The abuse the families were subjected to is rather heinous. As a consequence, the CBC, who produced another documentary on Trans children that counters the more positive representation portrayed by the National Geographic one instead investigates the influence and damage by parents on potentially Trans children, they decided to pull their film from broadcast entirely.

In light of our own further review of the doc, coupled with audience reaction, we have decided not to air Transgender Kids. We think there are other docs that better offer insight into the realities of the transgender community and we look forward to airing those in the future.

In our pursuit of acceptance, it feels like our effort to point out that Trans Children exist somehow justifies our own existence. It certainly does, illustrating the fact that gender is determined long before sexuality, and it isn’t always what the doctor says before slapping the newborn on the ass. Gender is far more complex, and indicators of gender alignment begin revealing themselves in the very early stages of life. However, in a conservative, increasingly hostile environment, is it the time to parade them out for public consumption without considering the consequences? No.

While we might like to presume that, since it is a child, the rest of the world will treat that child as common sense would dictate; With kindness, love, and compassion, this is not our reality. In the era of keyboard warriors and anonymous hate spewed from one end of the web to the other, one would think that displaying them like modern example of Trans representatives would be an absolutely horrific idea. These children need support. They need protection and advocacy, not shoved into a blinding spotlight with their character being aggressively dissected by the observing world.

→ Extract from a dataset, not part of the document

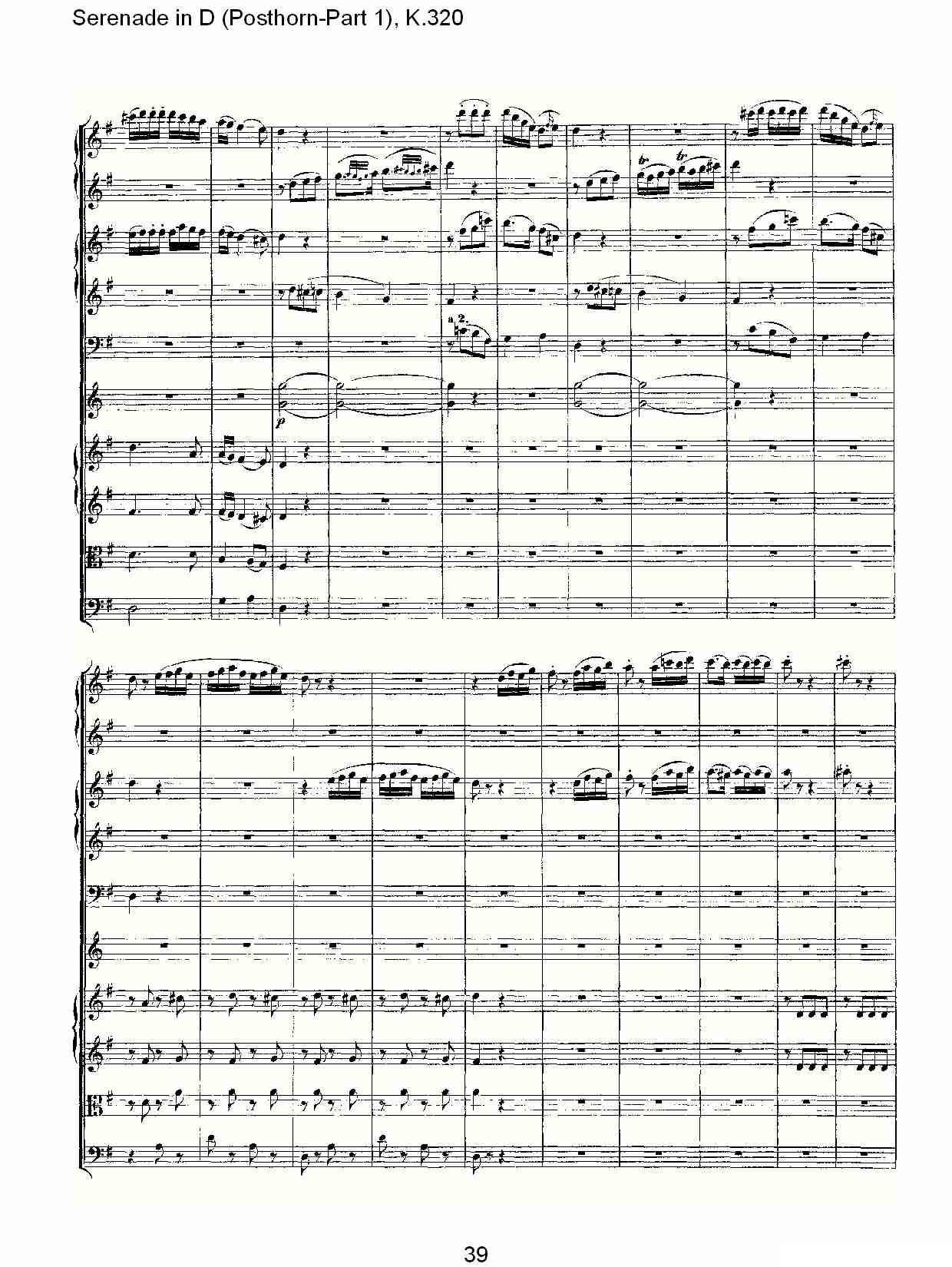 D调小夜曲（Posthorn-第一部))，K.32）其它曲谱（图9）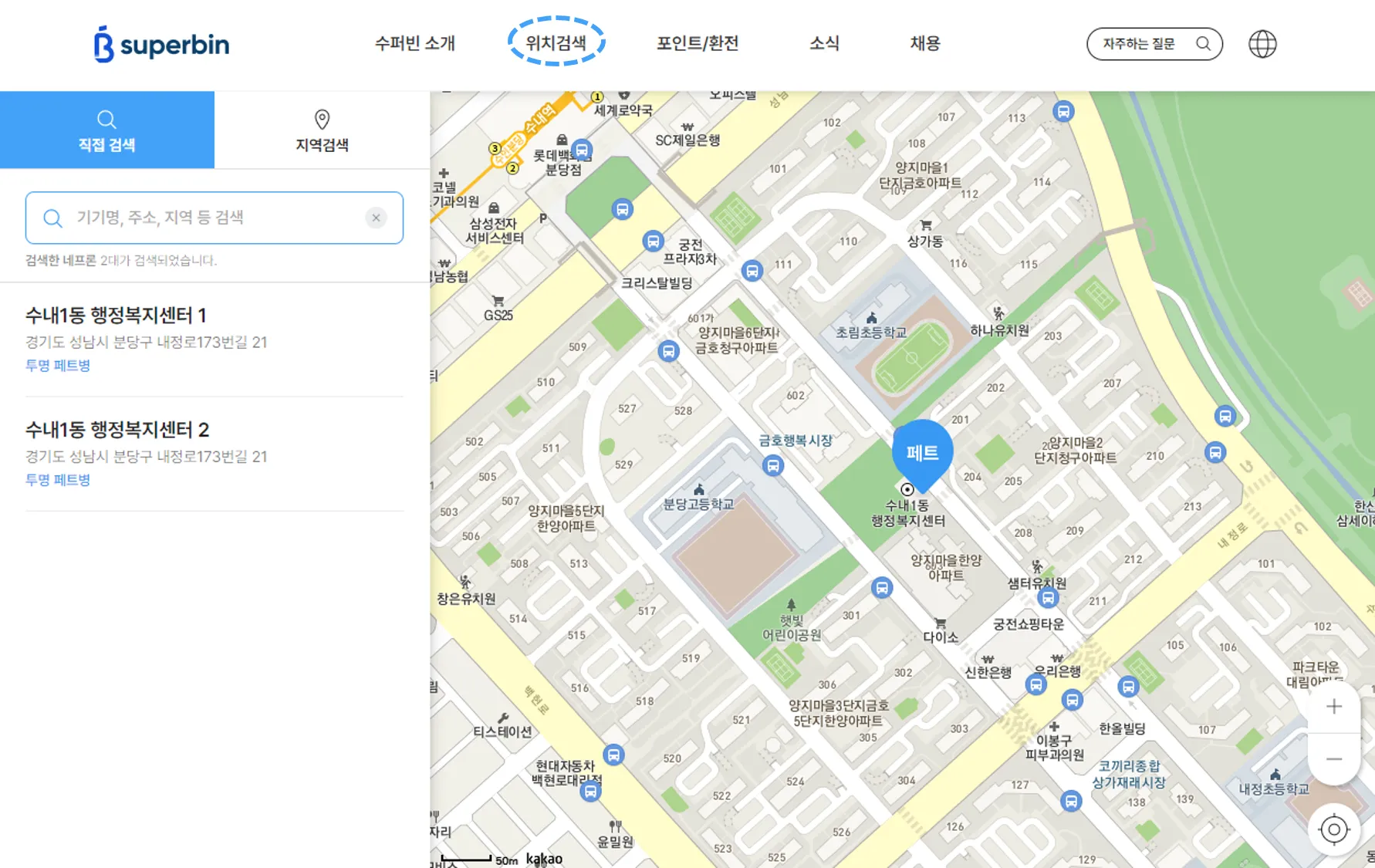 네프론 위치 검색 방법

We were children once. Bullying in school and social environments were our biggest hurdles. We were forced to listen; forced to re-examine our nature and challenge ourselves. It bred feelings of inadequacy, insecurity and self doubt. We let the world-at-large convince us, as children, we were sick, perverse, dangerous to others and damaging to society. Any Trans person will likely tell you their childhood was a hellish trial by fire as they attempted to first integrate into society, and then deal with the onslaught of ridicule and accusations of being mentally ill, confused or even the victims of child molestation- which oddly enough, we’re deemed as, as adults. This alone has been the biggest justification for the North Carolina Bathroom Bill. The statement “Transwomen are men in dresses who threaten wives and children.” has been heavily publicized by conservative lawmakers leveraging fear to accrue support.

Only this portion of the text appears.